Background & Summary

Estuaries are transitional environments between ocean and river. Complex and dynamic estuarine ecosystems are distinguishable from oceanic environments by significant variety of physical, chemical and geomorphologic conditions1,2,3,4. These factors have structured a highly unique estuarine microbial and viral community5,6,7. In addition, most estuarine ecosystems are impacted by strong anthropogenic stresses1. Viruses play essential roles in marine ecosystems by mortality8,9 and reprogramming the metabolic processes of hosts10. There is a great interest to investigate the genomic characteristics, evolutionary mechanisms, community composition and interactions of microorganisms and viruses in coastal environments11,12. While the abundance, distribution and function of prokaryotes or viruses in estuaries have been reported by using meta-omics approaches13,14,15,16,17,18, few studies have investigated bacteria, archaea and viruses simultaneously and none has delineated the potential connections between the microbiome and the virome. Therefore, a holistic estuarine genome dataset recovering both microbiome and virome will allow the analysis of microbe-virus interactions in this unique ecosystem.

The Pearl River is the second largest river in China with an average annual discharge flux of about 3.5 × 1011 m3 fresh water and 8.87 × 107 tons suspended sediment19. Locating in the most densely industrialized and urbanized region in China, the Pearl River is heavily impacted by human activities including agricultural irrigation, industrial and domestic emissions and aquaculture20,21. While some ecological and genomic studies on the bacterial or viral communities at the Pearl River estuary (PRE) have been performed13,15,17, none of them has produced a combined dataset including both the microbial hosts and the viruses. Such a dataset is therefore urgently demanded to unveil the dynamic and diverse biological processes coupling with physiochemical factors at this estuary.

Here, we sequenced 15 deep-sequencing metagenomes of surface water with three size-fractions collected at five sampling sites along the salinity gradient of the PRE in August 2016 (Fig. 1a). Seawater was filtered through cellulose membranes subsequently. The 0.7–2.7 μm and 0.22–0.7 μm fractions were used to produce particle-attached and free-living prokaryotic metagenomes, respectively. To collect the viral fraction, surface water was prefiltered by using filters of 2.7 μm and 0.22 µm pore-size, subsequently, and then concentrated with 30 kilodalton (kDa) pore-size filters by using tangential-flow filtration. Further concentration and purification were done via polyethylene glycol (PEG) precipitation and cesium chloride (CsCl) step-gradient ultracentrifugation (Fig. 1b). DNA was extracted from the cellular (0.7–2.7 μm and 0.22–0.7 μm) and viral (<0.22 μm) fractions for metagenomic sequencing.

Fig. 1
figure 1

Sampling sites in the PRE and methods used for this study. (a) yellow dots represent the sampling sites. (b) the study workflow in processing PRE metagenome sequences.

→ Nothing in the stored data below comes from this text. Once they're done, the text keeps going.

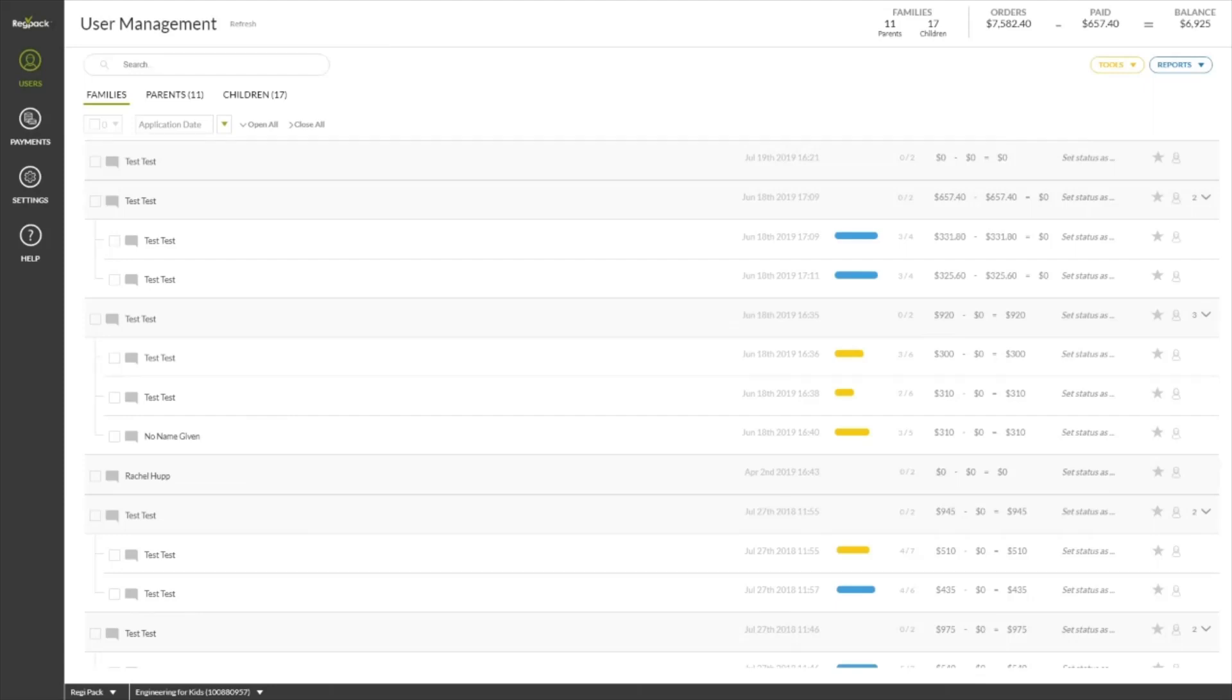Welcome to RegPak. As a new admin of your organization's RegPak account, you'll want to get familiar with the RegPak platform so that you can feel comfortable managing your registrations. Let's take a look around.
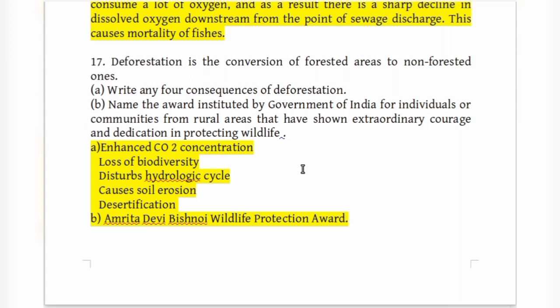The award instituted by the Government of India for individuals or communities from rural areas that have shown extraordinary courage and dedication in protecting wildlife is called the Amrita Devi Bishnoi Wildlife Protection Award.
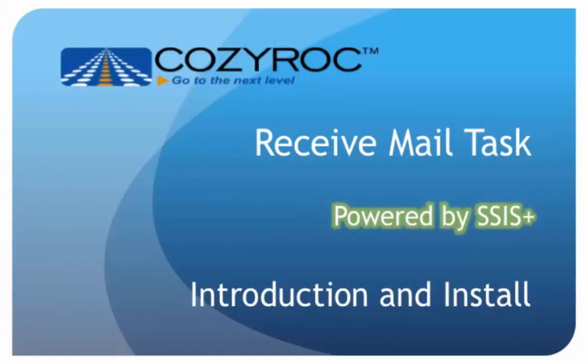The task can also decrypt and verify signatures on emails using the SMIME standard. This task comes in a package of tasks and components called SSIS Plus that complements the standard SSIS. In this demonstration, I will show you how easy it is to receive emails and extract their attachments.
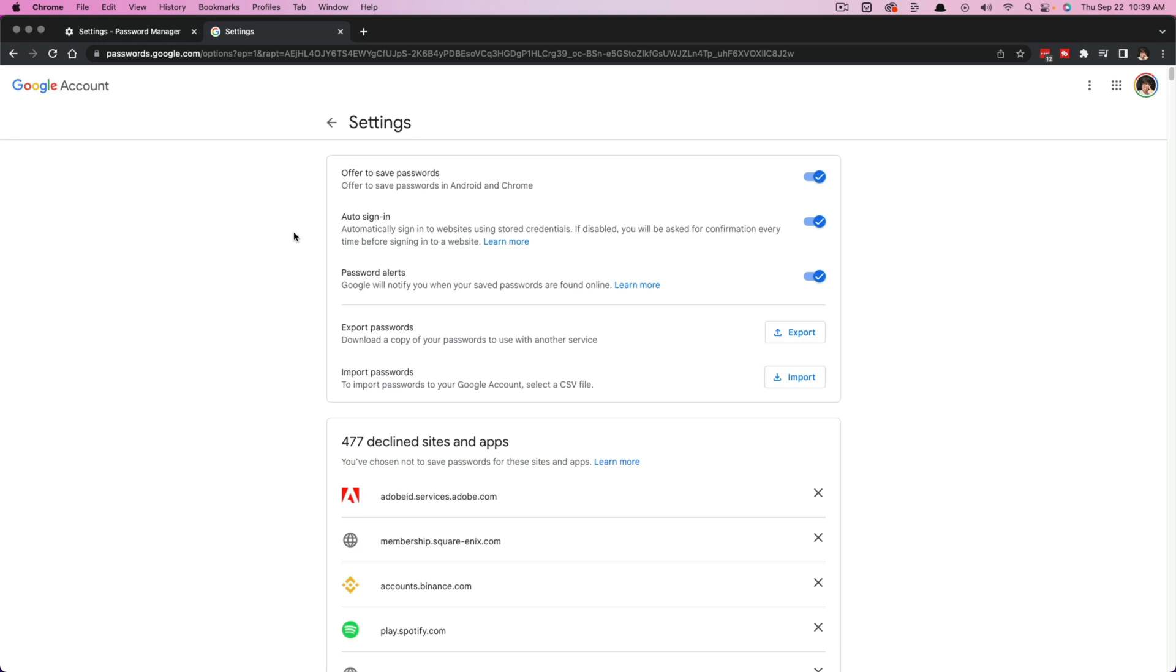Hello everyone and welcome back to another tutorial video. Today I'm going to be showing you how to delete all of your saved passwords on Google Chrome. So there's a couple of ways of going about doing this.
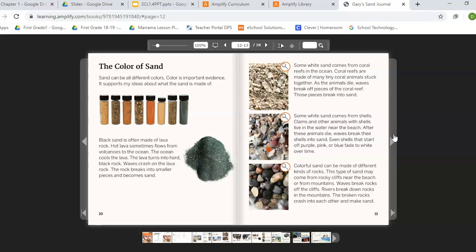The color of sand. Sand can be all different colors, and color is important evidence — it supports my ideas about what the sand is made of. Black sand is often made of lava rock. Hot lava sometimes flows from volcanoes into the ocean. The ocean cools the lava, and it turns into hard black rock. Waves crash on the lava rock and break it into smaller pieces, becoming sand. Some white sand comes from coral reefs in the ocean. Coral reefs are made of many tiny coral animals stuck together. As the animals die, waves break off pieces of the coral reef, and those pieces break into sand.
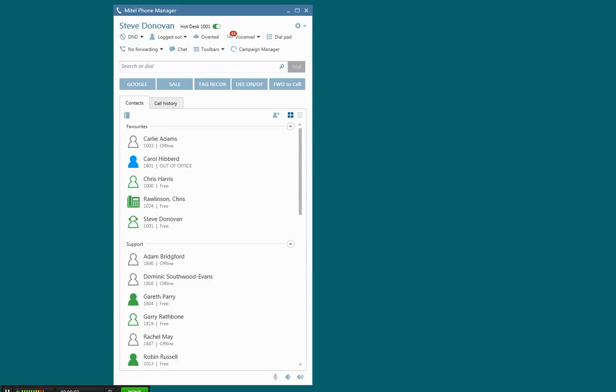Hi folks, so in this video I'm just going to give you a quick demo of how Mitel Phone Manager integrates to Microsoft Dynamics CRM. It's very straightforward.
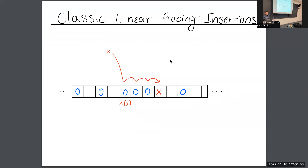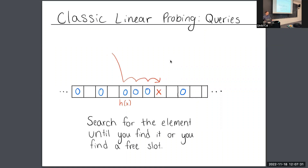A linear probing hash table stores elements in an array. To insert an element, you compute a hash of the element that takes you to some random position in the array, and then you walk forward to a free slot where you can place your element. For queries, you check whether a given element is in the hash table: you hash to some position and scan forward until either you find the element you're looking for, meaning it is in the hash table, or until you find a free slot, meaning it isn't.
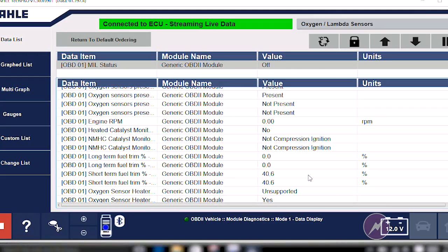Hello, Technicians. Let's talk about some misfire diagnostic strategies. If you take a look at my MOLLE scan tool right now, what we've done is we've gone to the global OBD2-sided scan tool. This vehicle behind me has a misfire code.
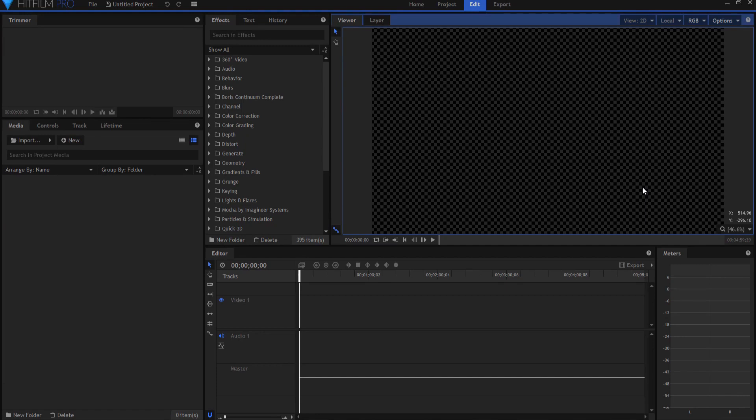Now I say HitFilm Pro but actually you can do this in HitFilm Express. You can do anything in HitFilm Express that you can do in Pro — you just have to buy the right add-on pack, and today we're going to be working with the 3D extrusion.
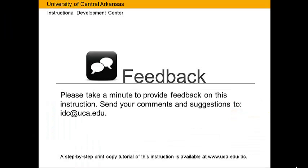Please take a minute to provide feedback on this instruction. Send your comments and suggestions to idc at uca.edu. A step-by-step print-copy tutorial of this instruction is available at www.uca.edu/IDC.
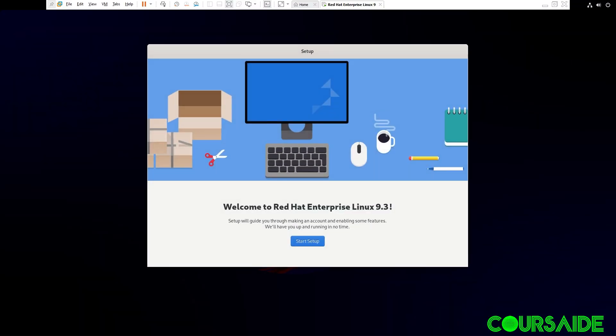So here we have our welcome page. Welcome to Red Hat Enterprise Linux 9.3. Setup will guide you through making an account and enabling some features. We will have you up and running in no time. So true. Click on Start Setup.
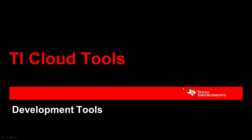Welcome to the TI Cloud Tools webinar. Today, I am going to talk about the TI Cloud Tools and the new Code Composer Studio Cloud, or CCS Cloud for short.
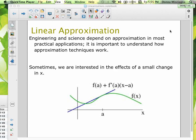Linear approximation. We're going to be looking at linear approximation in this lesson and some applications of linear approximation. Engineering and science depend on approximation in most practical applications. It's important to understand how approximation techniques work. Sometimes we're interested in the effects of a small change on x.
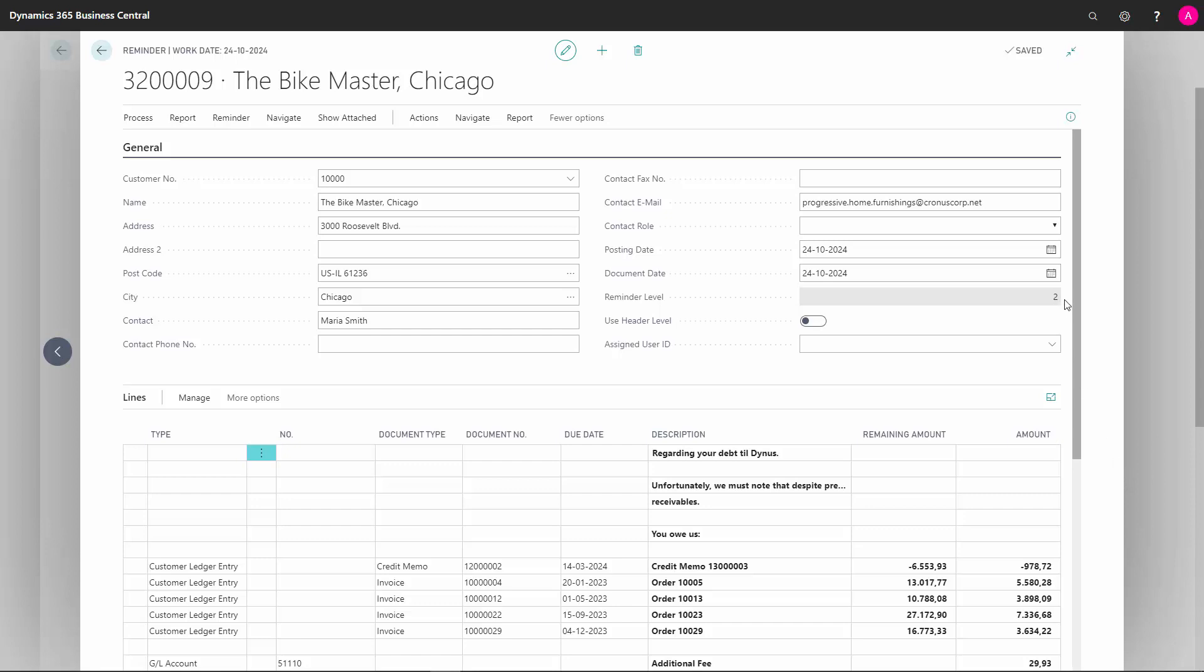So in this example here, the header level is set to 2. So the text that has been set into this reminder is using the text from level 2. Lines on the other hand can still be on different levels.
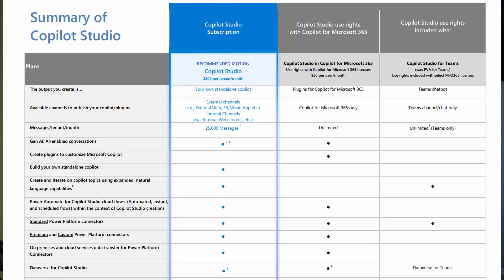Copilot Studio comes in a few different flavors depending on whether you're paying $30 per user per month for a Copilot for M365 license, or you could buy Copilot Studio for the entire tenant at $200 per tenant per month. Depending on which option you use, different features will be unlocked. But one thing is clear: Copilot Studio is going to be the full interface to create your custom Copilots.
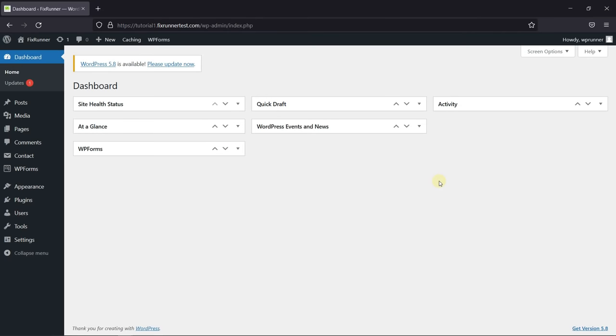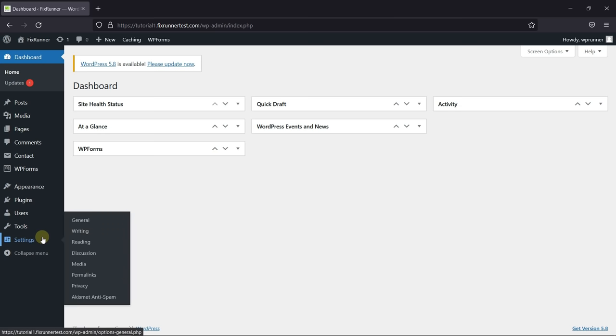If you want to disable the Gravatars in WordPress, just go to Settings, and then click on Discussion.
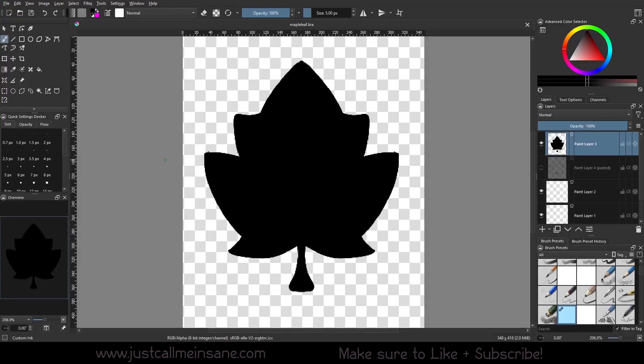Hey everybody, welcome back to another Krita tutorial. Today we're going to be going over the resource library in Krita and how that has changed. Just to have something in the background, we have a nice little maple leaf that I'm turning into a brush pattern, and we'll use that for the demo.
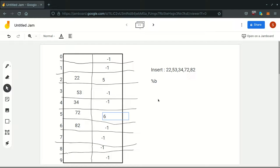Hi everyone, today we will be discussing the second practical of DSAL laboratory, and in this we have to use chaining without and with replacement. I have shown here a table. I have two fields in it: one is the data field where I will be storing my keys, and the second one is a chain field.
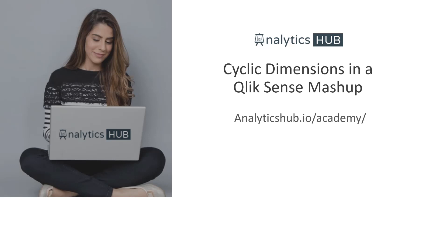Hello and welcome to another Qlik Tips and Trick video. I'm Shilpan Patel from Analytics Hub where our one and only goal is to help you become an awesome Qlik developer.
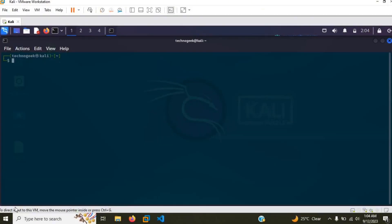Hello there everyone, welcome to my channel Technogreek here. As you guys saw by the thumbnail and by the title, in today's video I'll be showing you guys how to go ahead and crack zip files using John the Ripper. Now John the Ripper is a password hacking tool which can be used in any Linux operating system, Windows, Mac OS, etc.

Overall, 13,305,017 contigs were generated by assembling quality checked sequencing reads (Table 1). A total of 1,205 non-redundant metagenome assembled genomes (MAGs) with the estimated completeness ≥50% and contamination ≤10% were reconstructed based on multi-strategy binning according to the MIMAG criteria22 (Supplementary Table 1). Phylogenomic analysis based on single-copy marker genes showed that these MAGs belonged to 32 bacterial and four archaeal phyla according to the Genome Taxonomy Database (GTDB) taxonomy23 (Fig. 2, 3). We found that 24.8% and 86.8% of total MAGs did not have close relatives at genus and species level based on 95% average nucleotide identity (ANI). A total of 78,502 non-redundant viral contigs were predicted from the cellular microbiomes (0.2–2.7 μm) and viromes (<0.2 μm). They were then clustered into 56,289 viral populations24,25,26. Taxonomic classification of viral populations was performed based on closest relative affiliation24 (Supplementary Table 2). Only 15.3% populations could be assigned according to the RefSeqVirus database leaving the rest majority unclassified. A total of 15 viral families were identified including ssDNA, dsDNA and ssRNA viruses and the primary group belongs to order Caudovirales (Table 2). Virus-host pair prediction was performed based on clustered regularly interspaced short palindromic repeats (CRISPR) -spacer matching and 11 virus-host pairs were identified (Fig. 4). Among them, an Acinetobacter junii and a Rickettsiales bacterium were found being infected by more than one type of virus.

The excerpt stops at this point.